- Leagues: WNBL
- Founded: 2007
- Dissolved: 2008
- Arena: Westpac Arena (2007) Cowles Stadium (2007–2008)
- Team colors: Red Black
- Head coach: Leigh Gooding
- Website: Official website at the Wayback Machine (archived July 21, 2008)

= Christchurch Sirens =

New Zealand basketball team

The Christchurch Sirens are a defunct New Zealand professional basketball team based in Christchurch, New Zealand. The Sirens competed for the 2007–08 season in the Women's National Basketball League (WNBL) and folded after one season due to financial pressures.
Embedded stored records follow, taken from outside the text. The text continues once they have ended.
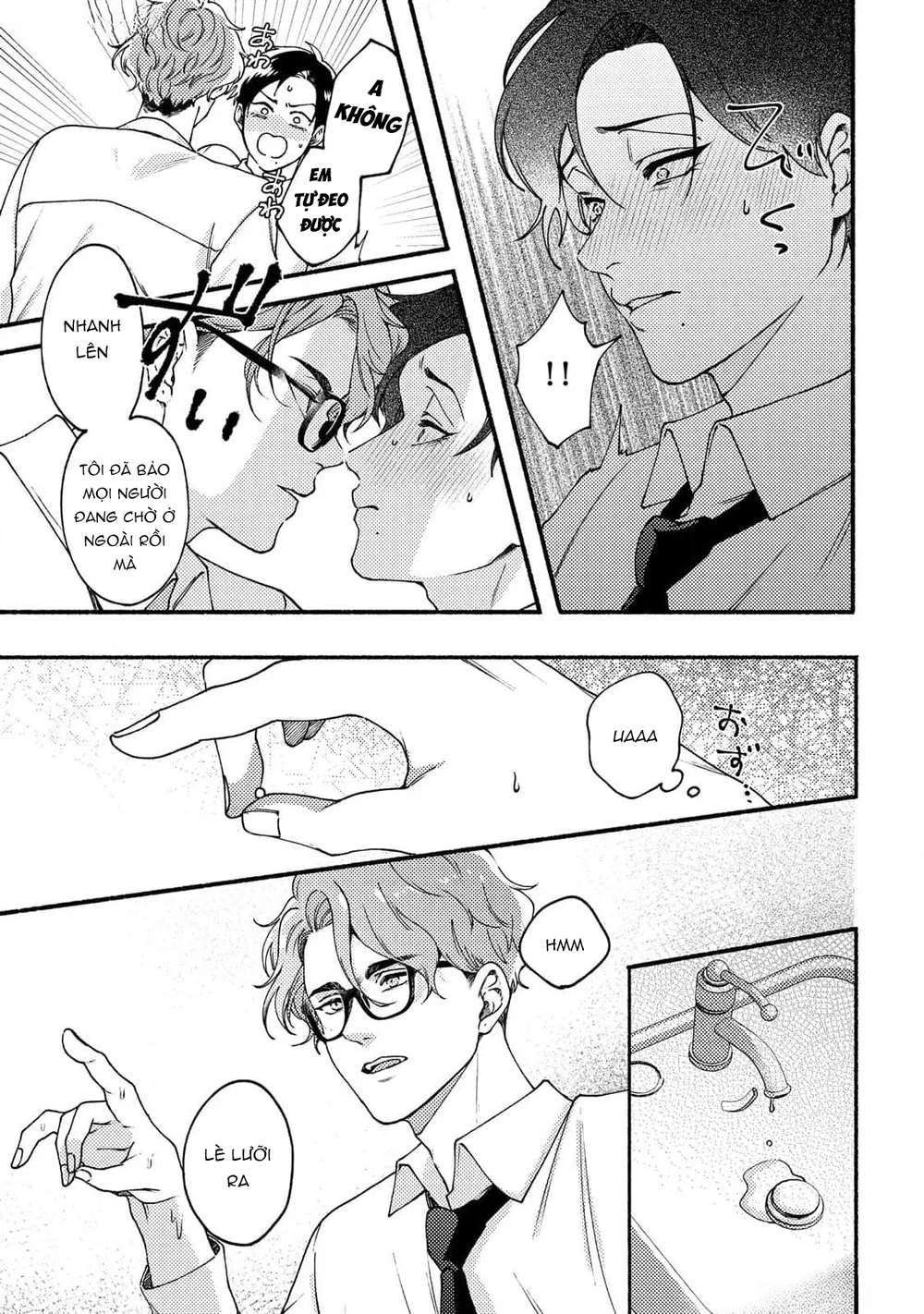 30 Ngày Cho Đến Khi Tan Chảy Chapter 5 Trang 15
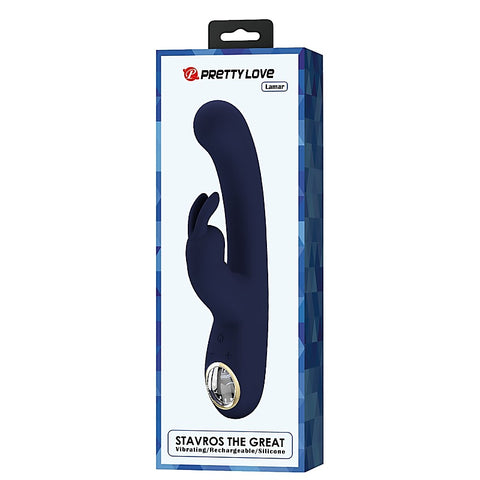 Pretty Love LAMAR Rabbit Vibrator by Baile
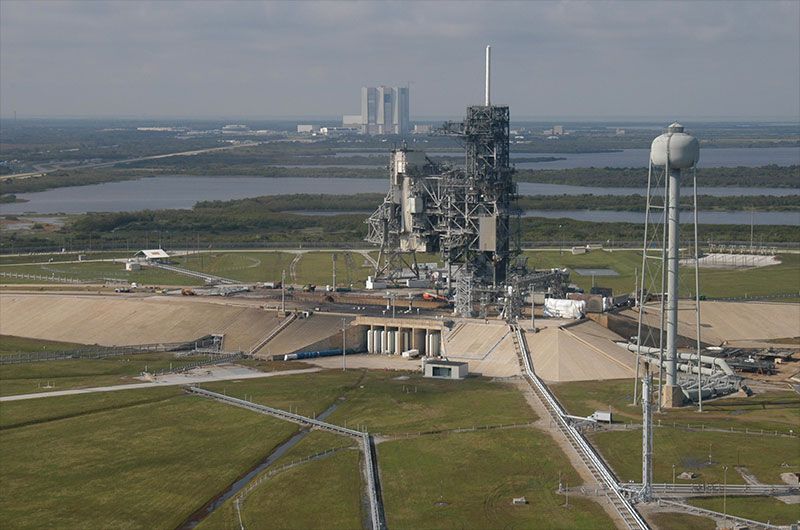 Get Spacex Launch Pad 39A Background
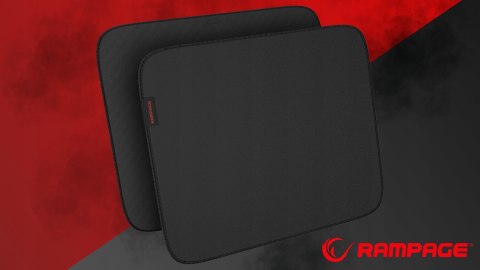 Rampage Pulsar Pro S podkładka gamingowa 29x24 cm jacquard antypoślizgowa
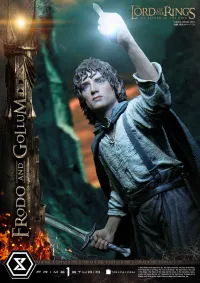 Prime 1 Studio Premium Masterline The Lord of the Rings: The Return of the King (Film) Frodo & Gollum - The Lord of the Rings - photo 48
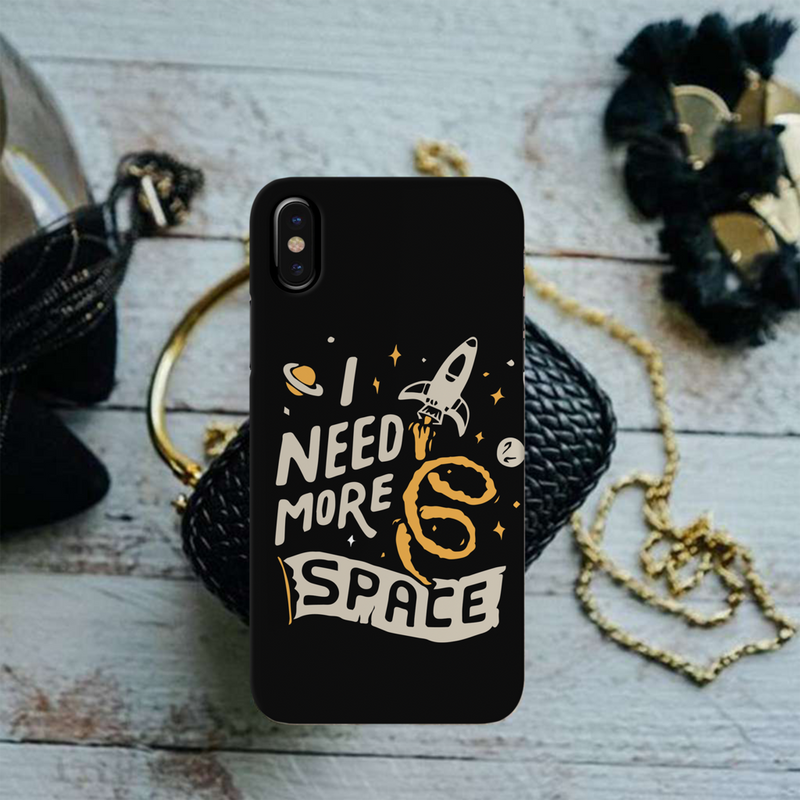 I need more space Printed Slim Cases and Cover for iPhone X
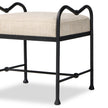 Four Hands Leona Accent Stool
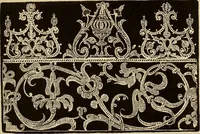 An illustration from Die Krone der kunstfertigen Frauen : Musterbuch, 1691 [i.e. 1601] (1891)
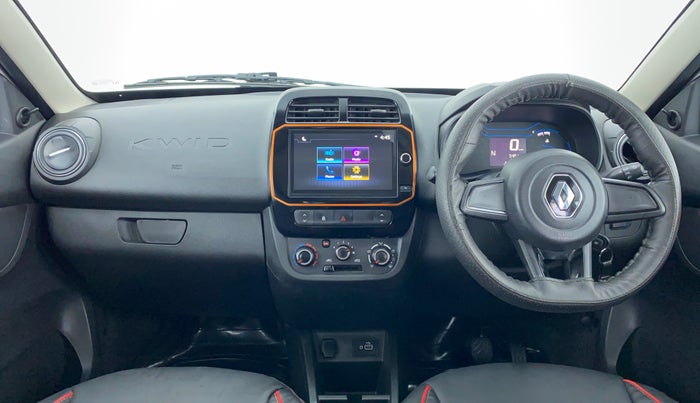 2021 Renault Kwid 1.0 CLIMBER OPT AMT, Petrol, Automatic, 5,534 km, Dashboard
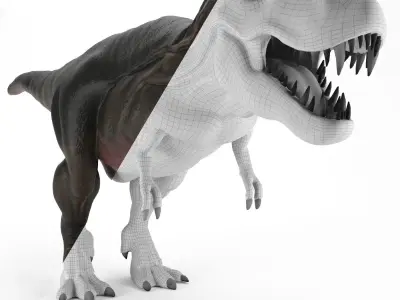 TIRANOSAURUS REX 3D model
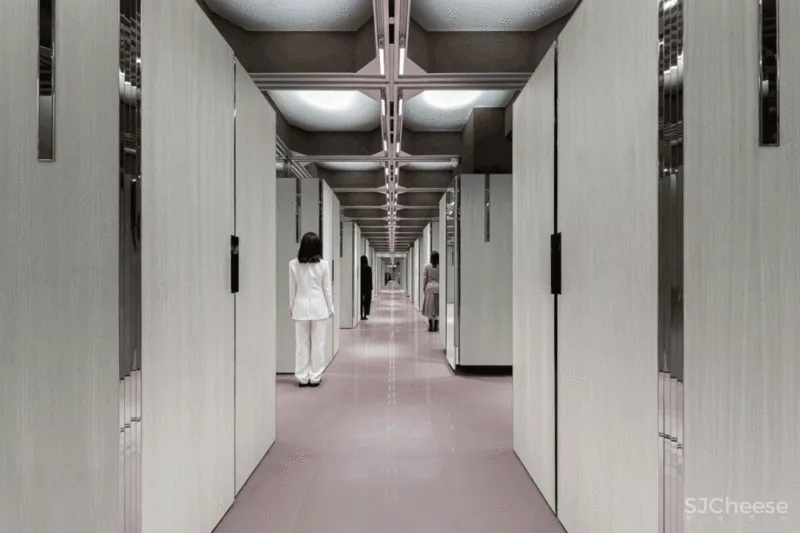 远离以展示为导向的零售：J1M5精品店，中国青岛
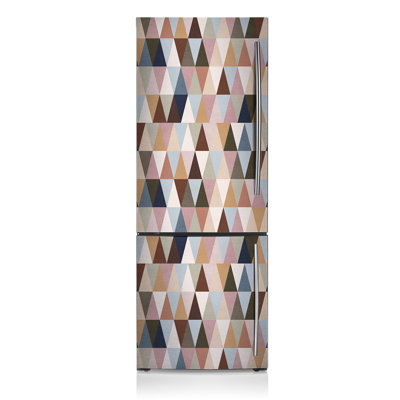 Abstract Door Decal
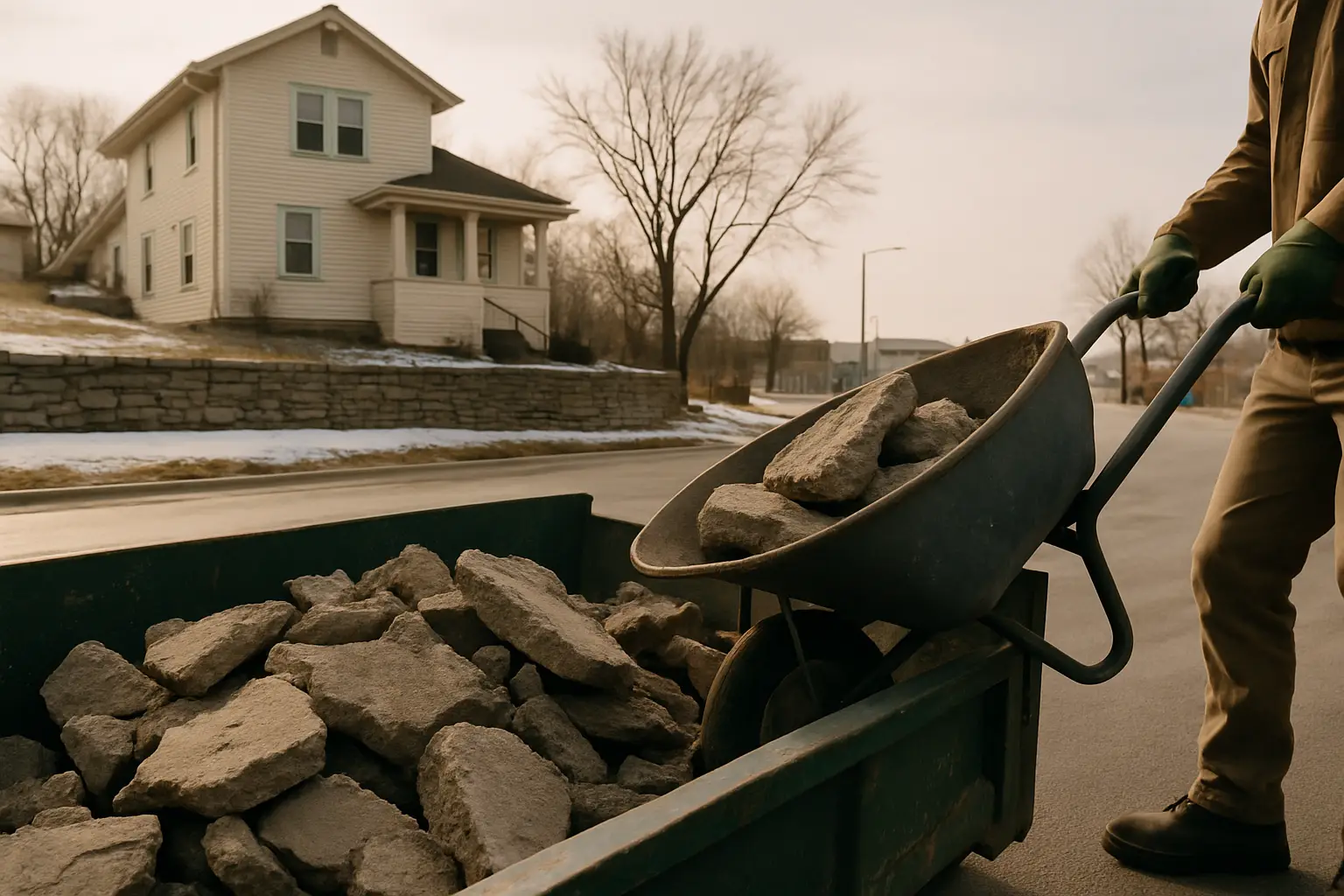 Dumpster Rental Oak Park Heights, MN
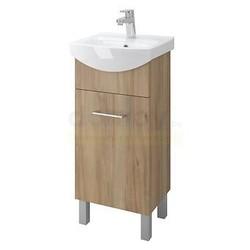 Тумба для умывальника Cersanit Olivia Cersania 40, орех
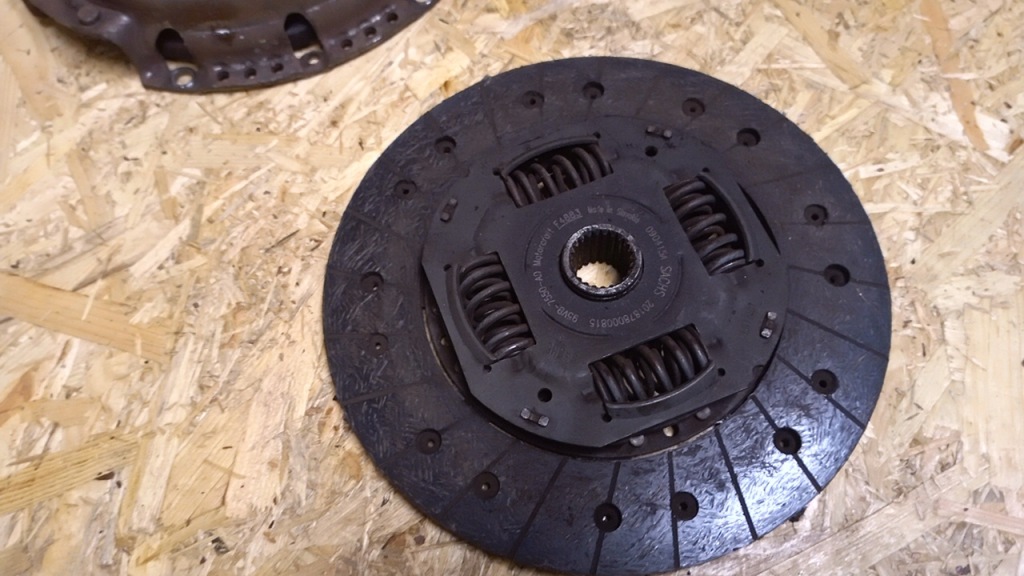 фото №2, Ldv 400 convoy 2004 r 2.o b transit зчеплення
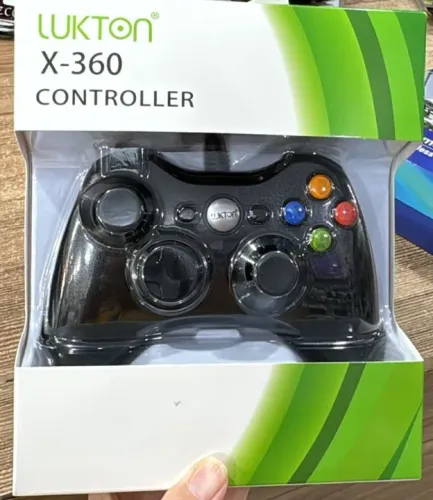 Controle Xbox 360 Com Fio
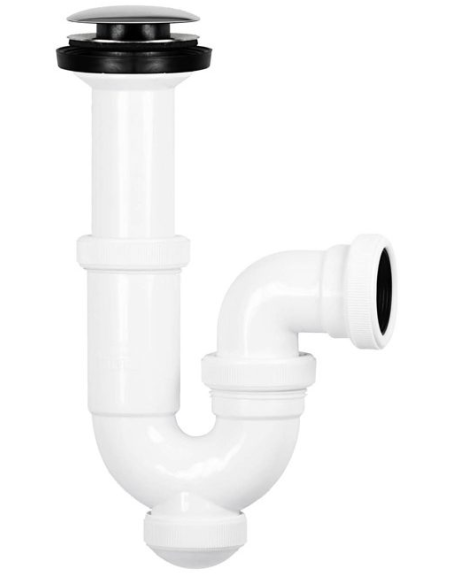Sifon Curv.Ext.Sal H.Click-Clac 1 1/2-63 - IBIDE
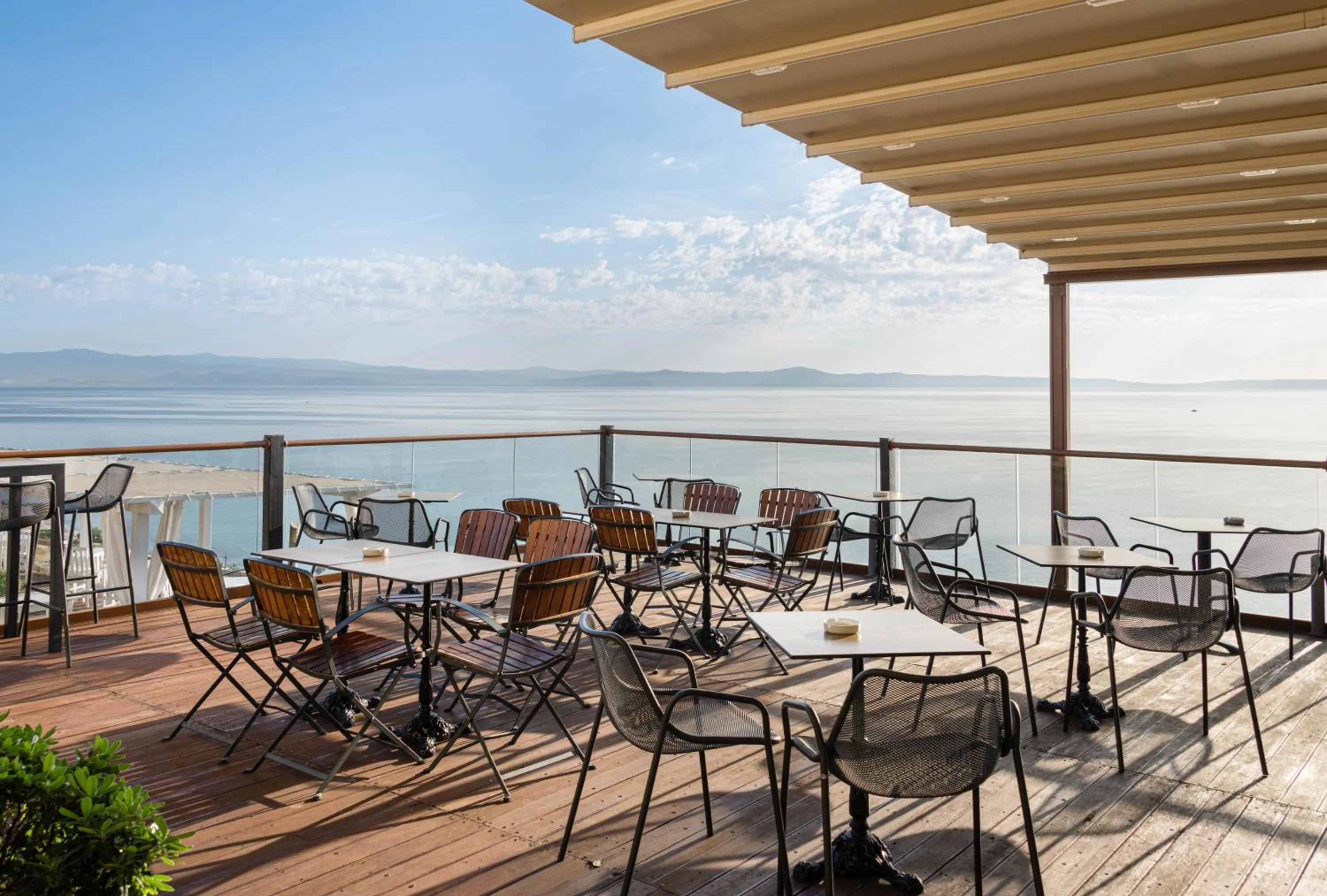 Restaurant/places to eat in Blue Bay Halkidiki - Adults Only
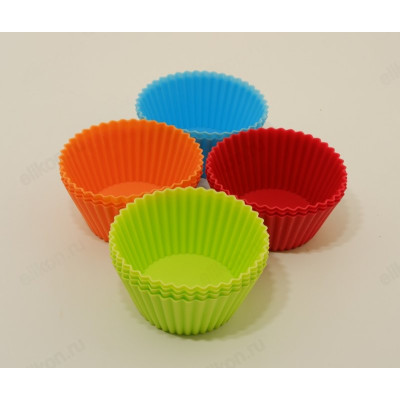 Форма для кексов силикон 986 (12шт/уп)-2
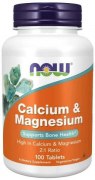 Заказать NOW Calcium & Magnesium 100 таб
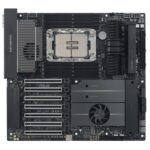 Материнская плата ASUS PRO WS W890E-SAGE SE LGA4710-2 EEB 8xDDR5 7xPCIEx16 4xM.2 2xUSB-C 2xmini DP 2x10GLAN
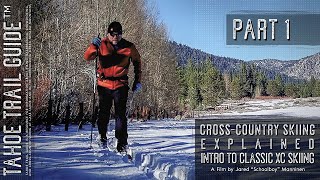 Intro to Classic XC Skiing Part 1 Characteristics of Classic CrossCountry Skis [upl. by Ultima116]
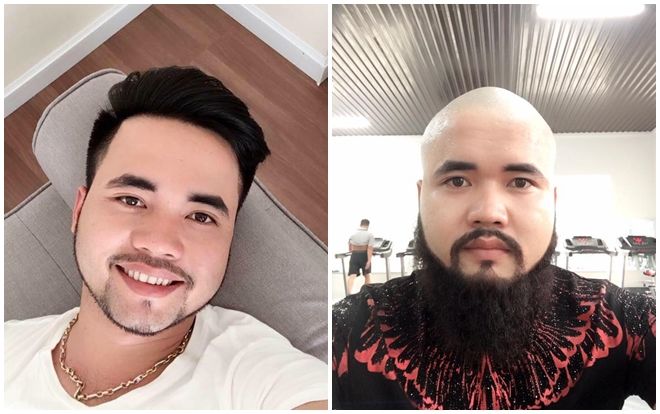 Cạo trọc đầu rồi để râu mong thoát kiếp FA, thanh niên bị so sánh như Lỗ Chí Thâm phiên bản Việt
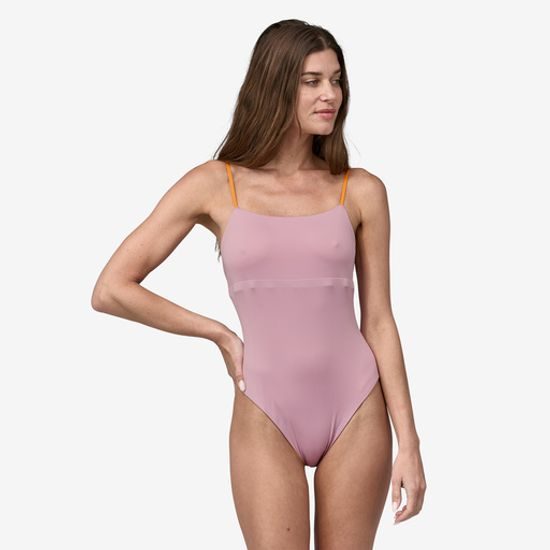 Dámské jednodílné plavky Patagonia Reversible Sunrise Slider One-Piece Swimsuit KSHO
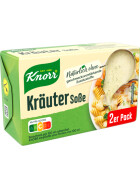 Knorr Kräuter Soße für 2x250ml 58g
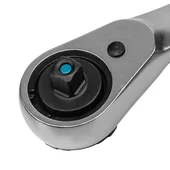 Комплект вложки с тресчотка 120 зъба 1/4" 12 части GROSS - Thumbnail 5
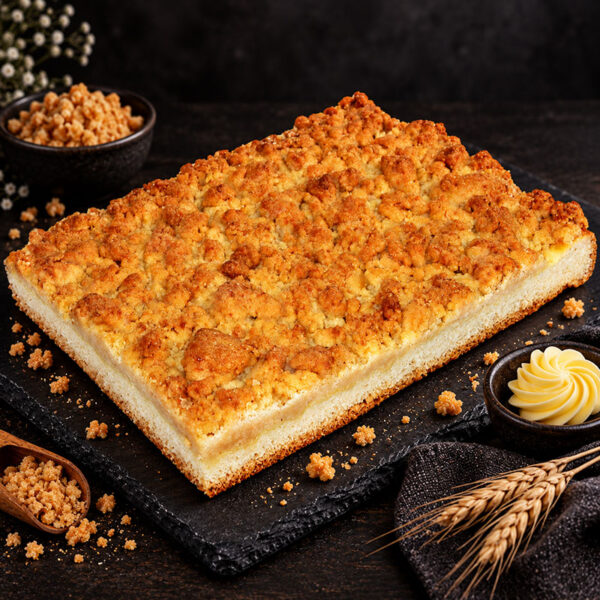 Butterstreusel-Kuchen - Platte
They were the first and to date only New Zealand team to compete in the WNBL. Their home stadium was initially the Westpac Arena before relocating to Cowles Stadium in November 2007 following venue upgrades. The Sirens finished eighth in their only season, with a record of 9 wins and 15 losses.

The WNBL decided in October 2006 to add the Sirens along with the Bendigo Spirit to the league for the 2007–08 season. The Sirens were intended to serve as a pathway towards the Tall Ferns. Their name was inspired by the mythological sirens and their red and black colours were regionally associated with Christchurch and Canterbury.

After one season, the Sirens were unable to secure sponsors to raise the estimated NZD$600,000 required to stay in the league. The team had to pay travel equalisation alongside all 10 WNBL teams, a new entrant team levy, and a special fee as a New Zealand team in the Australian league. Basketball New Zealand decided against bailing the team out as they were short on reserves and couldn't justify the risk. In spite of the team's collapse, Basketball New Zealand still had to pay NZD$250,000 to Basketball Australia in accordance with terms of its five-year licence agreement, including an annual AUD$50,000 entry fee for 4 years.